Treasurer Matt Kean said the project would help transform NSW.

“We’re committing $500 million towards early works, planning and further development of the line that will initially minimise delays and eventually allow high speed travel and drastically cut travel times,” he said.

“This will create tens of thousands of jobs and significantly boost the economy.”

Minister for Infrastructure, Cities and Active Transport Rob Stokes said these upgrades will improve connections as part of the Government’s six cities vision. 

“Infrastructure creates opportunity.

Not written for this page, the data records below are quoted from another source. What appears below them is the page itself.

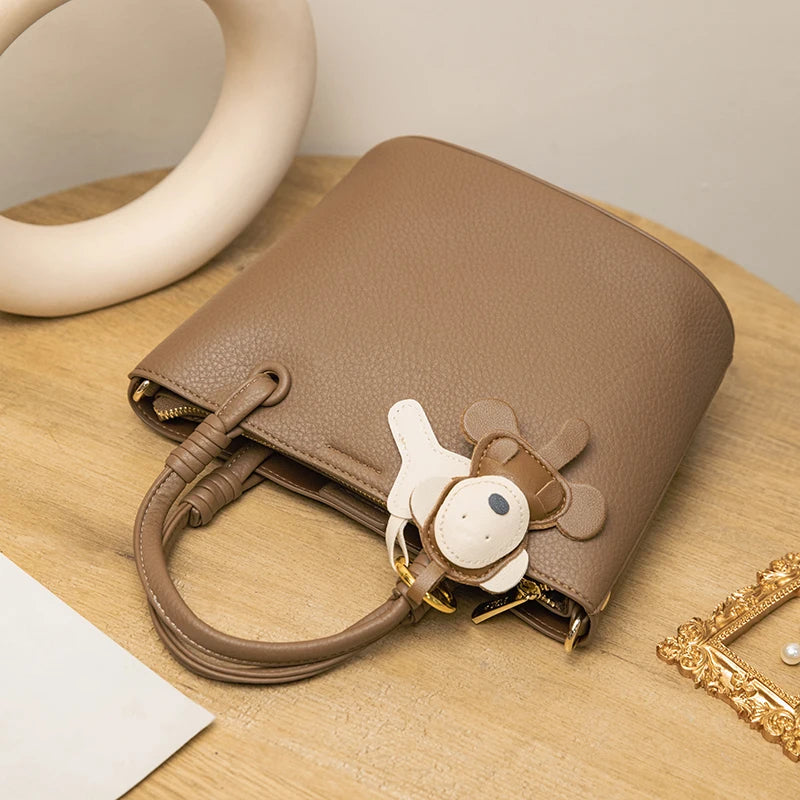 New Bucket Bag for Women, Fashionable and Versatile, Handheld, Diagonal, High End, Single Shoulder, Small and Unique Design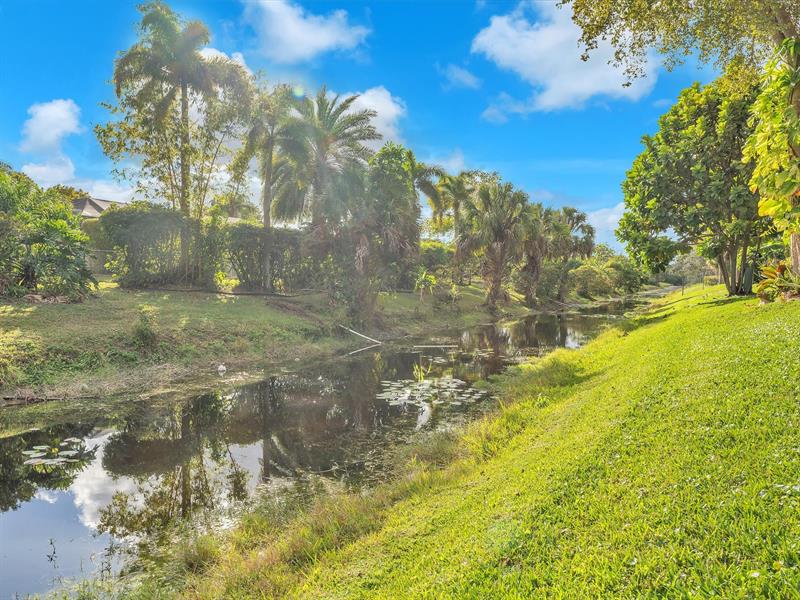 Image 34 of 38 For 9912 Royal Palm Blvd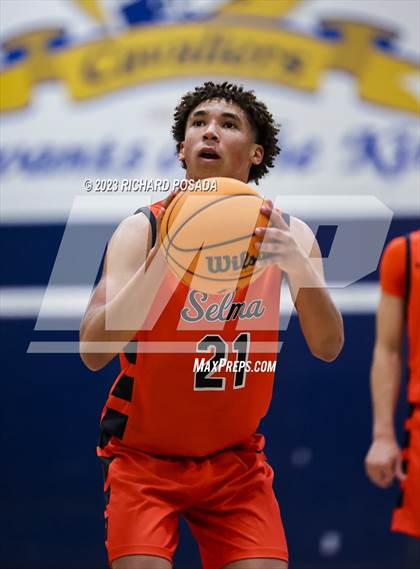 Thumbnail 1 in Selma vs. Tulare Union photogallery.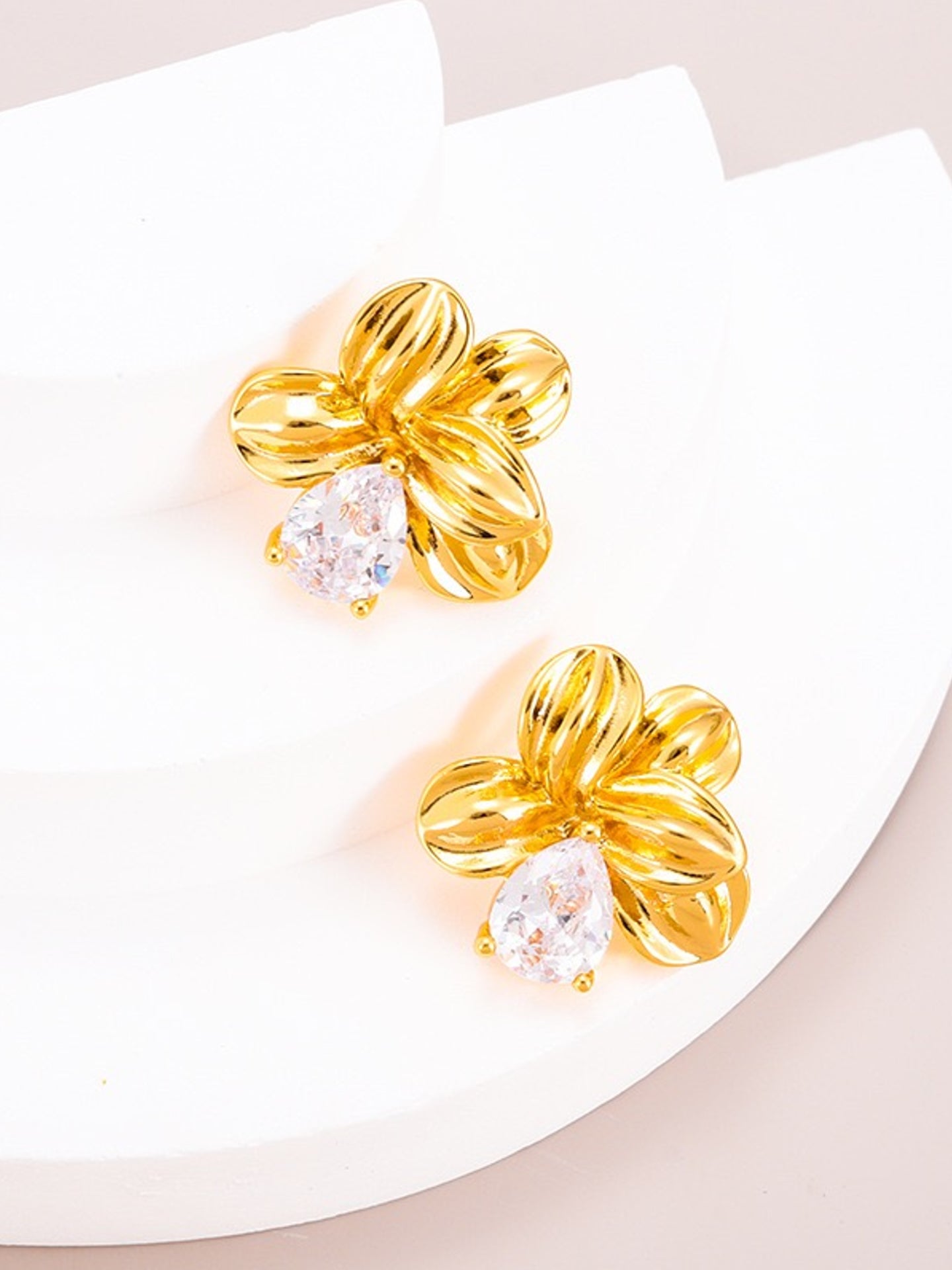 FLORAL EARRINGS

Faster and better connections between our great cities will improve reliability, improve travel times and ultimately improve quality of life for the many across our state,” he said.

“These infrastructure improvements have enormous productivity benefits for the whole community and pave the way for further investment down the track.”

Parliamentary Secretary for the Central Coast Adam Crouch said the NSW Government’s commitment for rail improvements on the Central Coast builds on a Federal Government commitment to this great part of the state.

“This investment will help improve the capacity and reliability of the intercity network, and will make journeys to and from our region faster and easier for Central Coast commuters,” he said.

“This is in addition to the $300 million investment in the state-of-the-art rail maintenance yard in Kangy Angy, which has helped create over 90 full time jobs for Central Coast locals.” 

The NSW Government commitment is conditional on $500 million in matched funding from the Commonwealth Government that was announced by Prime Minister Anthony Albanese prior to the federal election.

Site investigations as part of the project are scheduled to commence before the end of 2022.

The Australasian Railway Association (ARA) said faster rail would have a transformative impact for people living in Newcastle and on the Central Coast.

ARA Chief Executive Officer Caroline Wilkie said the investment would act as a catalyst for growth in the region and slash travel times for those commuting to the city.

“With Sydney’s population set to rise by a further 3.7 million by 2060, investment in faster rail is needed now to support our sustainable growth,” she said.

The ARA’s Faster Rail Report, released in 2021, confirmed the need for urgent action to deliver faster, more reliable and more frequent services between capital cities and regional centres.

The report found rail travel times that were competitive with the time it takes to drive were crucial to encouraging more people to choose rail.

Wilkie said a train trip of 25 minutes from Gosford to Sydney, or just an hour from Newcastle, would be a game changer for many living and working in the region.

“Investment in faster rail on routes like the Sydney to Central Coast link will make it easier for people to leave the car at home for their daily commute or weekend away,” Wilkie said.

“Highways in and out of Sydney are already reaching capacity, so making rail a genuine mode of choice would help bust congestion and support liveability in these thriving regions.”

Wilkie said faster rail could also be a key driver of economic growth and regional development.

“The global experience tells us faster rail drives urban renewal along the rail corridor, creating the opportunity for new housing and business precincts beyond capital city centres,” she said.